I think one of the things I lose sight of a lot in this midst of this program is what really matters. Wrapped in an atmosphere that includes always trying to 1up each other, always trying to be the best, you lose sight of what you came into this program for, what's important, etc.
I really need a break from this program and the chaos, the pressures and expectations, the massive quantities of random bullshit to do. There are good and bad aspects to each nursing program, this will always be true. There are some great things about Regis and there are also some things that I honestly can't stand, and can't wait to be done with.
But because of that, there are a bunch of things I am yearning for.
I yearn for a day where I can sleep in, wake up....without the burden of another assignment that needs to be finished or studying that needs to be done. Rather the only expectation are those that are laid upon myself, by myself.

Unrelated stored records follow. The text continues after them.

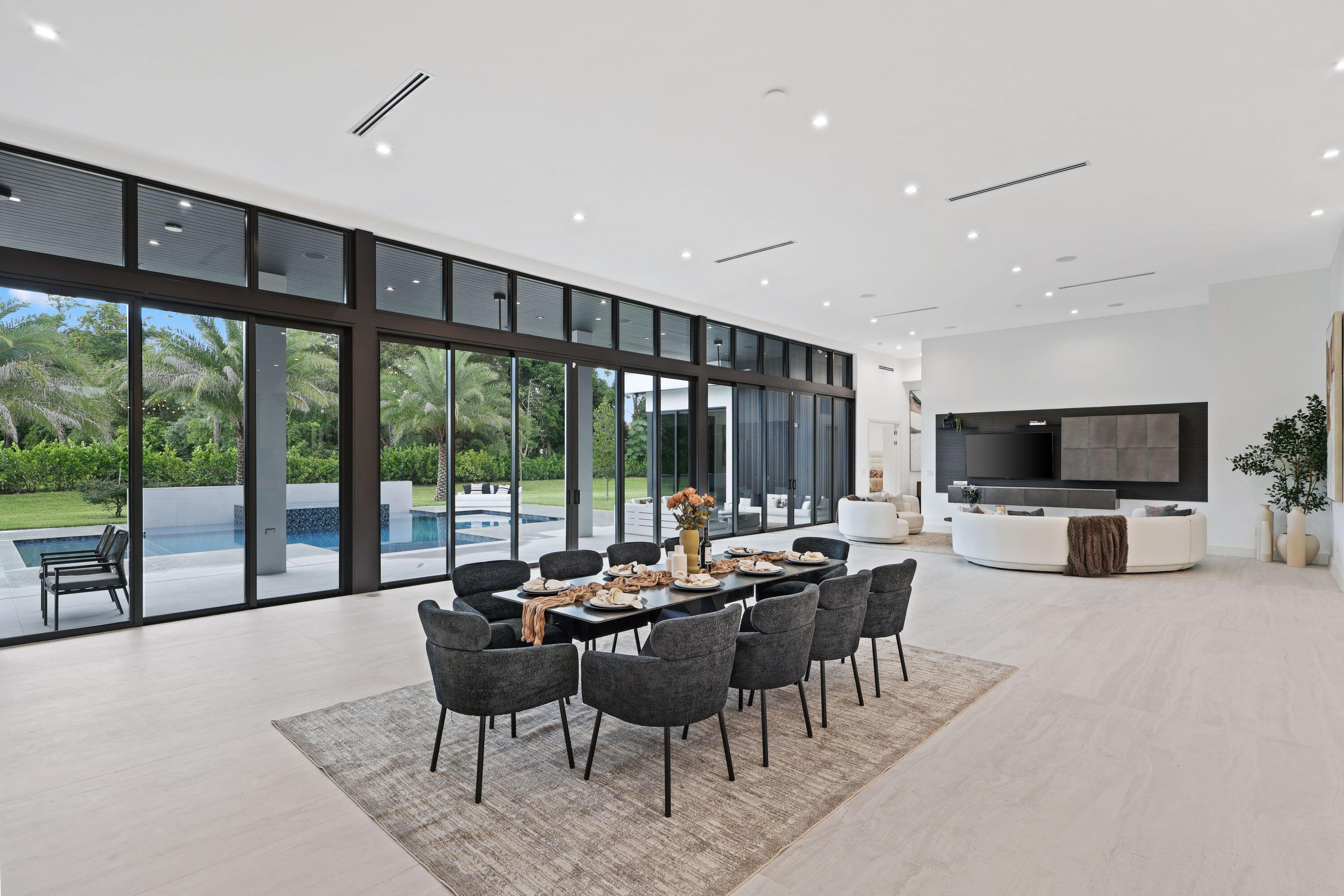 8795 Valencia, Parkland FL 33067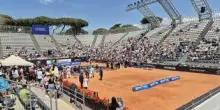 Tennis and Friends, Fagnani: "Contribuiamo a prevenzione". Meneschincheri: "Giovani atleti seguano linee guida"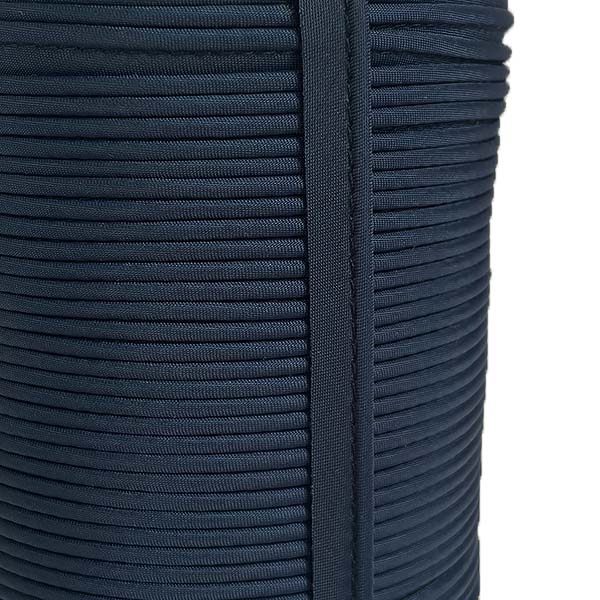 Кант темно-синий (135м)  - оптовая цена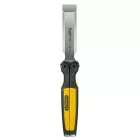 Stanley  FMHT0-16145 Összecsukható véső 25mm FATMAX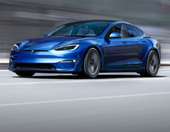 Μπαταρία πιο ακριβή από το αυτοκίνητο: Τι συμβαίνει με το Tesla Model S;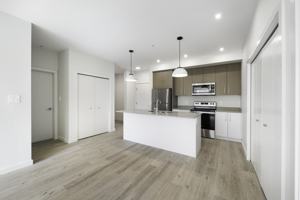 featured image of 5130 Joyce Ave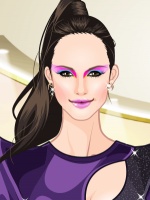 Most Iconic Movie Costumes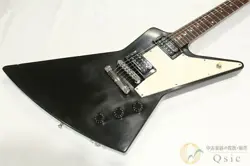 GIBSON EXPLORER 2008 VK247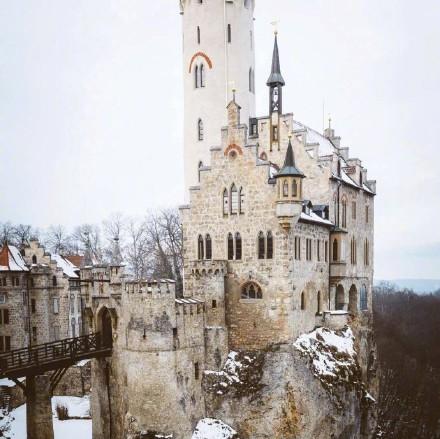 冬至快乐用德语怎么说,德语冬至快乐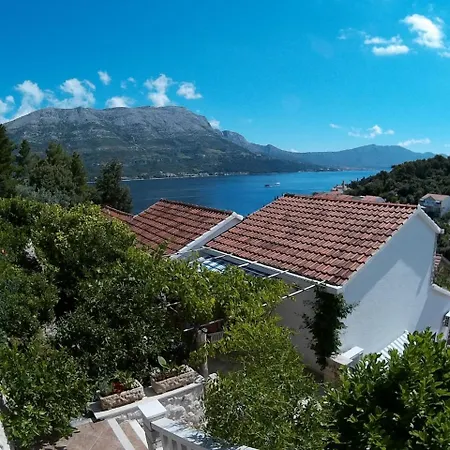 Appartement Alo Jozic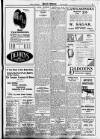 Torbay Express and South Devon Echo Wednesday 02 April 1930 Page 5
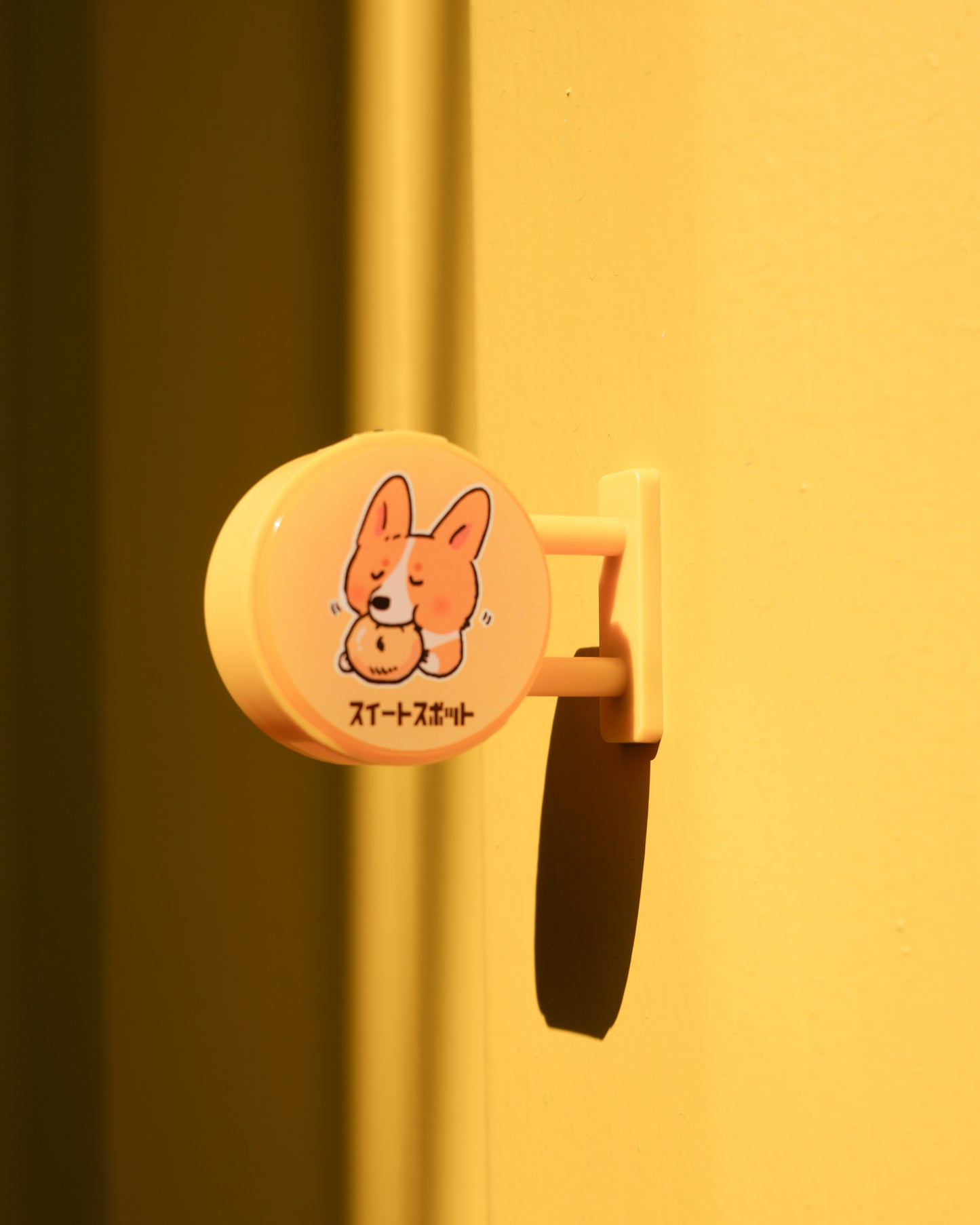 聖誕交換禮物【CP值救星包】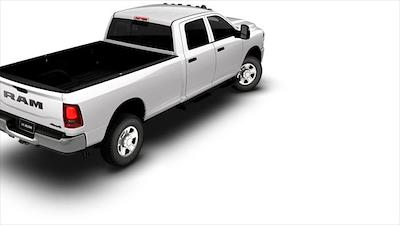 New 2026 Ram 3500 Tradesman Crew Cab 4x4 Pickup for sale #TG191806 - photo 2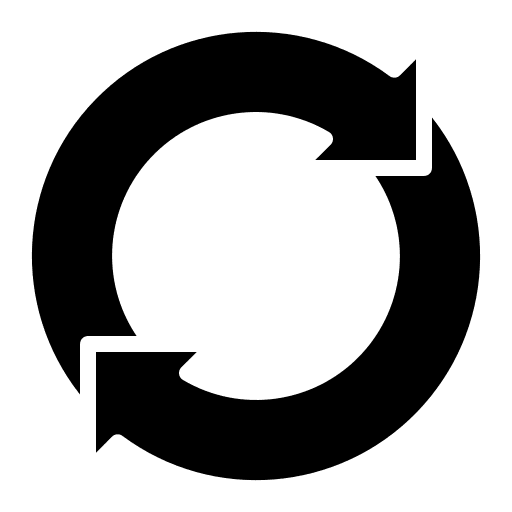 Diagram diagram element arrows icon Diagram diagram element arrows icon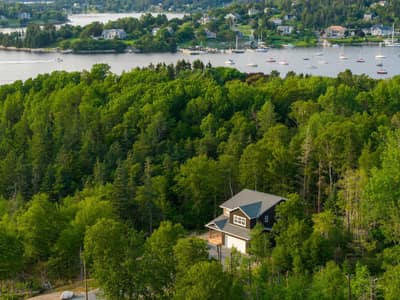 102 Peggys Cove Road #Lot — photo 3
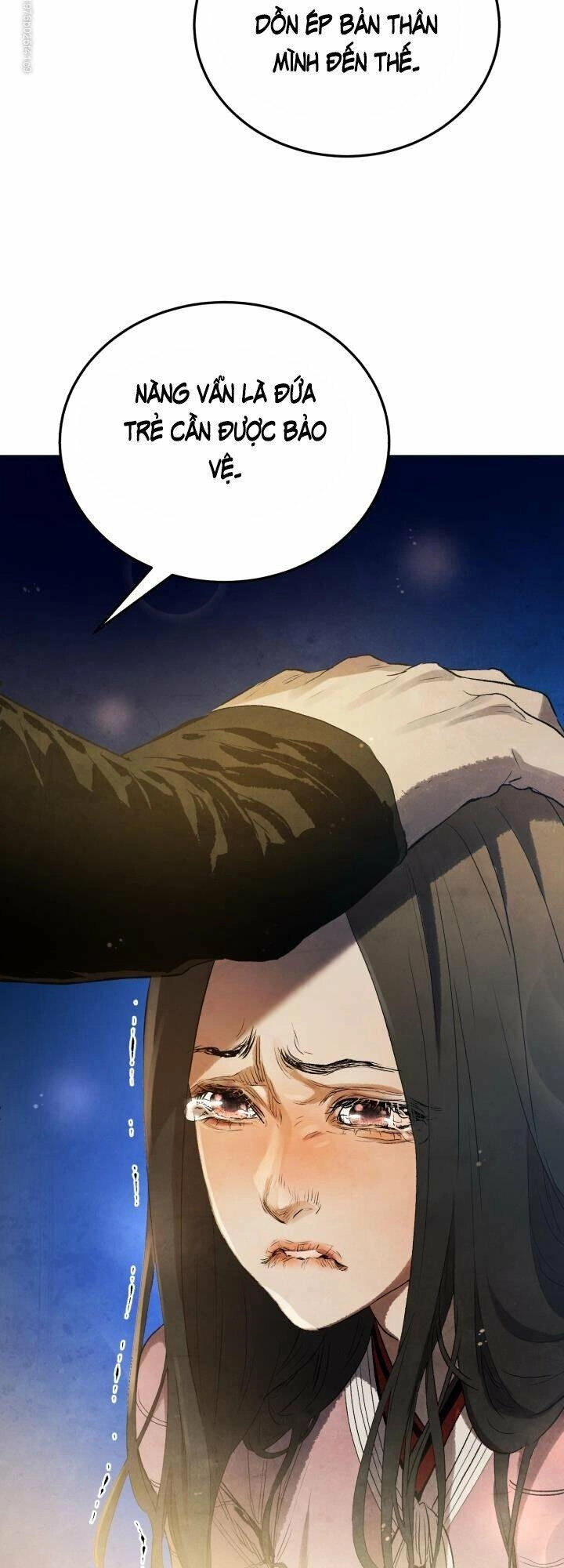 Phụng Tiên Trọng Sinh Ký Chapter 23 - 12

I yearn for a day spent in the beautiful Colorado mountains away from the bustle of everything here. I have not had a chance and still have several weeks left before I will have an opportunity to not be tied to the immediate Denver metro area. I want to be able to get away from this place for even a day. Go take a day trip to Estes, and walk along the boardwalk until the sun sets with my grandmother. Go sit in a chair and listen to the river all day long if I so choose. Go see the changing of the fall leaves on the trees....inviting in the richness of the golds, reds, and autumn colors before the blanket of winter white envelopes their richness.
I yearn for a roadtrip. An escape from this place. A chance to get away.
I yearn for a place that is constant, where I fit in. I yearn for a work environment that stands for what I do and not what stands in principle for Regis. I want to be free of the expectations of a student and at the same time, get respect that most nursing students don't get. I yearn for a place where I get to be part of a permanent work family and develop relationships, where my personality can once again come out.
I yearn for a night off!! I yearn for a night spent having drinks with friends, joking around....because in this atmosphere I cannot and have not been able to do that.
I yearn from time away from my fellow nursing students. No offense, but I'm tired of only having these people in my life. It's time for some more variety to be added back in.
Variety is truly the spice of life.
I yearn for relaxation. Really. I think a massage, chiropractic adjustment, and day spent watching Grey's Anatomy with my mother would do my world SOO many wonders. Or a day spent shopping. Or how about froo-froo drinks on a warm beach :-)
I yearn to have time to set up consistent exercise again!! I need to lose this nursing school weight!! Get back in shape.
I yearn for a lot, and am ready to be done. 10 more long weeks and we WILL in fact be done with this program. And I can't flippin wait!!